→ Your task: In the entries that follow, the first line to write out is the one containing "Requipump 100mm 37", and the last is the one containing "Burdur'da seminere katılan". Reproduce that stretch exactly, with nothing before or after it.

→ Dataset extract:
'''

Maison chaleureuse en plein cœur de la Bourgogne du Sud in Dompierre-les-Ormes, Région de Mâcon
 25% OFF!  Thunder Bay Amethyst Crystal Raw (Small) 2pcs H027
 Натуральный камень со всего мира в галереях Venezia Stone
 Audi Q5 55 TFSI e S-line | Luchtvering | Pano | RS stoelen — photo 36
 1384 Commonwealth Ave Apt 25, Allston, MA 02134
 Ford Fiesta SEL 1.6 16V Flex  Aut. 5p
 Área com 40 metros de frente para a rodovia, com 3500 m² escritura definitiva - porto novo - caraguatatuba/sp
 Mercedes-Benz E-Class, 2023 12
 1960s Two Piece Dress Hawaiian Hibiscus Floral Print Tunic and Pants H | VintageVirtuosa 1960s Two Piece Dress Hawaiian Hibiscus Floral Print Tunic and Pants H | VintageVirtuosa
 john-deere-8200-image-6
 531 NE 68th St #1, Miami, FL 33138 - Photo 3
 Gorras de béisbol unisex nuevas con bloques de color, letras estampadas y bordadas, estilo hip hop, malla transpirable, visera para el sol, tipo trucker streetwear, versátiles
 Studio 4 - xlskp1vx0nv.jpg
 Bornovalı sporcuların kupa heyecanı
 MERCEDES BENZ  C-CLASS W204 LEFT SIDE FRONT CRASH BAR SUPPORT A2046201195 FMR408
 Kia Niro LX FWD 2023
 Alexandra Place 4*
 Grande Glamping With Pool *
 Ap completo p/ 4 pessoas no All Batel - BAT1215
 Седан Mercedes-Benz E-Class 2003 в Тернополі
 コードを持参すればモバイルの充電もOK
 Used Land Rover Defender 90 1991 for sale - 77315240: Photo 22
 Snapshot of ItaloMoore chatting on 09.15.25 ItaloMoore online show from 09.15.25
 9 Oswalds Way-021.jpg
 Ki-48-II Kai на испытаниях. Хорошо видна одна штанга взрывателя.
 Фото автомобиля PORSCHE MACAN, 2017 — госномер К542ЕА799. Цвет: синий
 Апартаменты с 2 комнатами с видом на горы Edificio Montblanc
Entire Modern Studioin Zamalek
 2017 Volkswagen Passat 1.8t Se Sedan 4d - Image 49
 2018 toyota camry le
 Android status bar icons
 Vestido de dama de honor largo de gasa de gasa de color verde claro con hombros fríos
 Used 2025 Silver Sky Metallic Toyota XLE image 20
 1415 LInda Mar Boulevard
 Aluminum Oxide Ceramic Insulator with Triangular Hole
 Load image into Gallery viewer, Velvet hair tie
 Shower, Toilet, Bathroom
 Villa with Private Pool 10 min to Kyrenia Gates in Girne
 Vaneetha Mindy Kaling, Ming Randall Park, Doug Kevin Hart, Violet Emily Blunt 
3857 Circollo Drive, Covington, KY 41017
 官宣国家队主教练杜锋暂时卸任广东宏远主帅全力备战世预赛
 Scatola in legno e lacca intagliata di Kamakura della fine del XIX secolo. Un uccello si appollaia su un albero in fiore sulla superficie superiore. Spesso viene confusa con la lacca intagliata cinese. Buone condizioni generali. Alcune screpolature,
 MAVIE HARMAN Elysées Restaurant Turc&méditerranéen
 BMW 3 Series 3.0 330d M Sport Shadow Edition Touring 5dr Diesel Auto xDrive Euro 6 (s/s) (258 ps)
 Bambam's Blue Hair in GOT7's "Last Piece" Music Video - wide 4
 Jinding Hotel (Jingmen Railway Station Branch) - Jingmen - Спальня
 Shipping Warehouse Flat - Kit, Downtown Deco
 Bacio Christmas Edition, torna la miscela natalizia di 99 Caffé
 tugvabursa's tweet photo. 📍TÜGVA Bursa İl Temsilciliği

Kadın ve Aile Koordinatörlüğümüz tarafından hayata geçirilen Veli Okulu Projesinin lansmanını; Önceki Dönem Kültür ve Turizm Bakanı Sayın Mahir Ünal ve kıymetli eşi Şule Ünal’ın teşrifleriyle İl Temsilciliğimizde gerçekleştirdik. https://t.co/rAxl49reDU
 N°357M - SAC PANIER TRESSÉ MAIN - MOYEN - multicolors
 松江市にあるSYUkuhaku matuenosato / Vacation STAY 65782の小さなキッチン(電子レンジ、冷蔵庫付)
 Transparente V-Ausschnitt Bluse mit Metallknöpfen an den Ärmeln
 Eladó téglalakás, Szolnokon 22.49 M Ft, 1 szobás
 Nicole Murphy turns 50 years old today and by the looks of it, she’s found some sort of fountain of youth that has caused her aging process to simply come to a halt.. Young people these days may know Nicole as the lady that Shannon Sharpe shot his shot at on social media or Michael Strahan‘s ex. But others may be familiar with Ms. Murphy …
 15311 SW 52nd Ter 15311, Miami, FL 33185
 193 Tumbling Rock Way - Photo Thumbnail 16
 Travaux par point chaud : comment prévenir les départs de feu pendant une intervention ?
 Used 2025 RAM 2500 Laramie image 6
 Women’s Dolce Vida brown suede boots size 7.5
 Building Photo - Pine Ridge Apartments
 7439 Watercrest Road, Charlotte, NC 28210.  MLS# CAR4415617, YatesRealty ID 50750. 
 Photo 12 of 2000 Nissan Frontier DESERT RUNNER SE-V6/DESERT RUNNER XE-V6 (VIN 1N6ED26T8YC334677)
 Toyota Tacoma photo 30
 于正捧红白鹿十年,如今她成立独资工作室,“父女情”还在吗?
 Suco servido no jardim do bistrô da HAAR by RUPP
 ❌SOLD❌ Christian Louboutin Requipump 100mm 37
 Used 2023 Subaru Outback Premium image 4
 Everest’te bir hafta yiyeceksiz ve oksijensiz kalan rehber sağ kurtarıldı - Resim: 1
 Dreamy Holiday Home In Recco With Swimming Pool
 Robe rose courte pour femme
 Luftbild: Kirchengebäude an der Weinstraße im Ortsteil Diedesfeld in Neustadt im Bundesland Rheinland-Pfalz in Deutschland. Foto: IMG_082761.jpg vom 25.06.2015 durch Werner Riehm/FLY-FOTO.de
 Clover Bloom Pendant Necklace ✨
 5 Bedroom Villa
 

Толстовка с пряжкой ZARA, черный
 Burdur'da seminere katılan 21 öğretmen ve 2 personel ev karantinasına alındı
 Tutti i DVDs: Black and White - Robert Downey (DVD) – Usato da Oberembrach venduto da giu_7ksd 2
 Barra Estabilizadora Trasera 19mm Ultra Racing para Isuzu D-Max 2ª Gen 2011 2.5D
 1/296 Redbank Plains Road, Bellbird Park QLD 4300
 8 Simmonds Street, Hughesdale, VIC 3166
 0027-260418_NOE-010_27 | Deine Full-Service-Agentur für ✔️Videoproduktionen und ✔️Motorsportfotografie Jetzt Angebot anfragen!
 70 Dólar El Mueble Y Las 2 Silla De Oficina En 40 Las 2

'''

→ Answer to this exercise:
 ❌SOLD❌ Christian Louboutin Requipump 100mm 37
 Used 2023 Subaru Outback Premium image 4
 Everest’te bir hafta yiyeceksiz ve oksijensiz kalan rehber sağ kurtarıldı - Resim: 1
 Dreamy Holiday Home In Recco With Swimming Pool
 Robe rose courte pour femme
 Luftbild: Kirchengebäude an der Weinstraße im Ortsteil Diedesfeld in Neustadt im Bundesland Rheinland-Pfalz in Deutschland. Foto: IMG_082761.jpg vom 25.06.2015 durch Werner Riehm/FLY-FOTO.de
 Clover Bloom Pendant Necklace ✨
 5 Bedroom Villa
 

Толстовка с пряжкой ZARA, черный
 Burdur'da seminere katılan 21 öğretmen ve 2 personel ev karantinasına alındı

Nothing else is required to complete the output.